• Your objective: Transcribe, word for word and without additions, each line below from the one containing "Hatsune Miku VR screenshot" through the one containing "5 Photograph of", both ends included.

• Provided records:
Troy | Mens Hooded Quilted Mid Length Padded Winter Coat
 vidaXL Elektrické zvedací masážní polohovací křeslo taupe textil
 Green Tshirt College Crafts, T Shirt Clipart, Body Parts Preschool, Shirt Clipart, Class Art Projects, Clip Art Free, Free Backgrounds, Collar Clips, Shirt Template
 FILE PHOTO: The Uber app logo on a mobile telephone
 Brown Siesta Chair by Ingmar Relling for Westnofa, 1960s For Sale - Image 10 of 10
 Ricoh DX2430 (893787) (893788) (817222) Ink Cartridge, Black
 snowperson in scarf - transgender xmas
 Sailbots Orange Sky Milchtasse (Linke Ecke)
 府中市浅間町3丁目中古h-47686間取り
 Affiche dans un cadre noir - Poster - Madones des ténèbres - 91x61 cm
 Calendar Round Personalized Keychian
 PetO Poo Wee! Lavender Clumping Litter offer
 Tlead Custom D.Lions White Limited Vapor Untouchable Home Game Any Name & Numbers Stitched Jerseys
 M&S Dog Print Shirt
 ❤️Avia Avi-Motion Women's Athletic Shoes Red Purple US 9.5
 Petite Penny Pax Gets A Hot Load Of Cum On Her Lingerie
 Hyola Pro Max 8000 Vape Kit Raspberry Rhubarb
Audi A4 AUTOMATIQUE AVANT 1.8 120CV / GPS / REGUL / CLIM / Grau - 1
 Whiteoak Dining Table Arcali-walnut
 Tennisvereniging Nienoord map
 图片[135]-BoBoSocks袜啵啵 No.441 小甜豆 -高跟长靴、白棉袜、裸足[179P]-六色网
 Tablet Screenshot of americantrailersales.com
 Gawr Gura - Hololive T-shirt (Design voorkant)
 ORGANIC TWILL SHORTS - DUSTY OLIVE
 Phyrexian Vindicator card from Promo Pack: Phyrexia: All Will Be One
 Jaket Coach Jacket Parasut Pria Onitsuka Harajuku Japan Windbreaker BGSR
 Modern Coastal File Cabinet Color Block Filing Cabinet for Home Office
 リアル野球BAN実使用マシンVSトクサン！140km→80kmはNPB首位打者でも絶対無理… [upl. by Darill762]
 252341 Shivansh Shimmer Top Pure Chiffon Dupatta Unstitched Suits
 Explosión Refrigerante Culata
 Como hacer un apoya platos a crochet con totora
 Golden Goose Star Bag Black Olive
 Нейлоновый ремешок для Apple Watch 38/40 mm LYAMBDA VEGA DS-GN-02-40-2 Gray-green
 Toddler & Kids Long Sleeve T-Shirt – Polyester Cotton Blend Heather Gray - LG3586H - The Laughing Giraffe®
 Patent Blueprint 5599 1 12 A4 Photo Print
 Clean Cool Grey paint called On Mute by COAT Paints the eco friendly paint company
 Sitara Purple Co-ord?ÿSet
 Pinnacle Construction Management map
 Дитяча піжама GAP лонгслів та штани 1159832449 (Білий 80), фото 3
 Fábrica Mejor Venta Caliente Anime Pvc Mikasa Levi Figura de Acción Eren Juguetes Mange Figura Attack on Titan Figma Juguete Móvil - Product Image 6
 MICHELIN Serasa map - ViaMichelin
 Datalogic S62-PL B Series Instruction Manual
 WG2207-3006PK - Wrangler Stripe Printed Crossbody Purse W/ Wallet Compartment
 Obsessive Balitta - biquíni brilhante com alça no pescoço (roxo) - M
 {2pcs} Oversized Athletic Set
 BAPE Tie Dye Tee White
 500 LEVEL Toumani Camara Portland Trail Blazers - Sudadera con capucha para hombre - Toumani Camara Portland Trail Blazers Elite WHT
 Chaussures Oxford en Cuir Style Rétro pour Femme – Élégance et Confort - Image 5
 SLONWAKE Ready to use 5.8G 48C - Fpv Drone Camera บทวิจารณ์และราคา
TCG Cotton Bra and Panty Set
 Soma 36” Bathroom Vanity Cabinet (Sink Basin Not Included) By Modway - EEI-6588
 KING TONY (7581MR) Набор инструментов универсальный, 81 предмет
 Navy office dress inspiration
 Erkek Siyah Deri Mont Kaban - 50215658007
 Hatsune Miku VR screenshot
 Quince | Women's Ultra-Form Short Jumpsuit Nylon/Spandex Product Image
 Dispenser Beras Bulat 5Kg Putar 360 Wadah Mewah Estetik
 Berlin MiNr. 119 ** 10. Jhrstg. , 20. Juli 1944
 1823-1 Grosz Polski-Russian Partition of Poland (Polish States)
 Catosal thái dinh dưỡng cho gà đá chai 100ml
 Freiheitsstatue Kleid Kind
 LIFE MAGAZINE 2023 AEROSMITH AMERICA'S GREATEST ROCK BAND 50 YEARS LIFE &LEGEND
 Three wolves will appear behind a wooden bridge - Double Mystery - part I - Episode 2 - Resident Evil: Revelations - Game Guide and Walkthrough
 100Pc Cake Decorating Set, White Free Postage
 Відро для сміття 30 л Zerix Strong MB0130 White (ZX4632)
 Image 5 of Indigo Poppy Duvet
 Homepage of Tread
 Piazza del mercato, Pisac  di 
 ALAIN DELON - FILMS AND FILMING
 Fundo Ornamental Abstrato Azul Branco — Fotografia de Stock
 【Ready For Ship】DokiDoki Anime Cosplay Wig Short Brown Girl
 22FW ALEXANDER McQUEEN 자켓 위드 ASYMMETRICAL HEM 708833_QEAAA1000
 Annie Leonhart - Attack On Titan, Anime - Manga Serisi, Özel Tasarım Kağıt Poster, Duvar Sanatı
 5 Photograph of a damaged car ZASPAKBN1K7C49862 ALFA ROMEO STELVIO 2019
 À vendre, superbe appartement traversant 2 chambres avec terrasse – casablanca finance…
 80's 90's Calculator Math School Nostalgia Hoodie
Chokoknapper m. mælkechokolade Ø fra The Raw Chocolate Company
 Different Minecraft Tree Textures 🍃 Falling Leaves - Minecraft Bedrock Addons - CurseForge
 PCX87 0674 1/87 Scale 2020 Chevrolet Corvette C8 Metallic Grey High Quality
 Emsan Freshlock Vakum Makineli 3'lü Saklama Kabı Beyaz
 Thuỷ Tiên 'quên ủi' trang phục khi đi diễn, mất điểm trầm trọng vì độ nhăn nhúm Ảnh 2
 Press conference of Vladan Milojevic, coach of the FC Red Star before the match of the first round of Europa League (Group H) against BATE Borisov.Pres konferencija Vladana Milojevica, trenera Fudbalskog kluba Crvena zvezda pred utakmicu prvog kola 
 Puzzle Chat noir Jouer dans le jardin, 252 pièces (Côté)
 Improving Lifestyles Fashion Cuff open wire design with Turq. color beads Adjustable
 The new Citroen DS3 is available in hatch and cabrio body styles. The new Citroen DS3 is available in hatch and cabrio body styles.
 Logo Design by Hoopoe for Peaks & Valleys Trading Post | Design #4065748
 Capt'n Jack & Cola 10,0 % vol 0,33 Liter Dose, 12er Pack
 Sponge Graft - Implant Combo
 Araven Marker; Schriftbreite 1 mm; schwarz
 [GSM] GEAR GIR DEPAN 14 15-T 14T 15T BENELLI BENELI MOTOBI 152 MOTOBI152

• Answer section:
 Hatsune Miku VR screenshot
 Quince | Women's Ultra-Form Short Jumpsuit Nylon/Spandex Product Image
 Dispenser Beras Bulat 5Kg Putar 360 Wadah Mewah Estetik
 Berlin MiNr. 119 ** 10. Jhrstg. , 20. Juli 1944
 1823-1 Grosz Polski-Russian Partition of Poland (Polish States)
 Catosal thái dinh dưỡng cho gà đá chai 100ml
 Freiheitsstatue Kleid Kind
 LIFE MAGAZINE 2023 AEROSMITH AMERICA'S GREATEST ROCK BAND 50 YEARS LIFE &LEGEND
 Three wolves will appear behind a wooden bridge - Double Mystery - part I - Episode 2 - Resident Evil: Revelations - Game Guide and Walkthrough
 100Pc Cake Decorating Set, White Free Postage
 Відро для сміття 30 л Zerix Strong MB0130 White (ZX4632)
 Image 5 of Indigo Poppy Duvet
 Homepage of Tread
 Piazza del mercato, Pisac  di 
 ALAIN DELON - FILMS AND FILMING
 Fundo Ornamental Abstrato Azul Branco — Fotografia de Stock
 【Ready For Ship】DokiDoki Anime Cosplay Wig Short Brown Girl
 22FW ALEXANDER McQUEEN 자켓 위드 ASYMMETRICAL HEM 708833_QEAAA1000
 Annie Leonhart - Attack On Titan, Anime - Manga Serisi, Özel Tasarım Kağıt Poster, Duvar Sanatı
 5 Photograph of a damaged car ZASPAKBN1K7C49862 ALFA ROMEO STELVIO 2019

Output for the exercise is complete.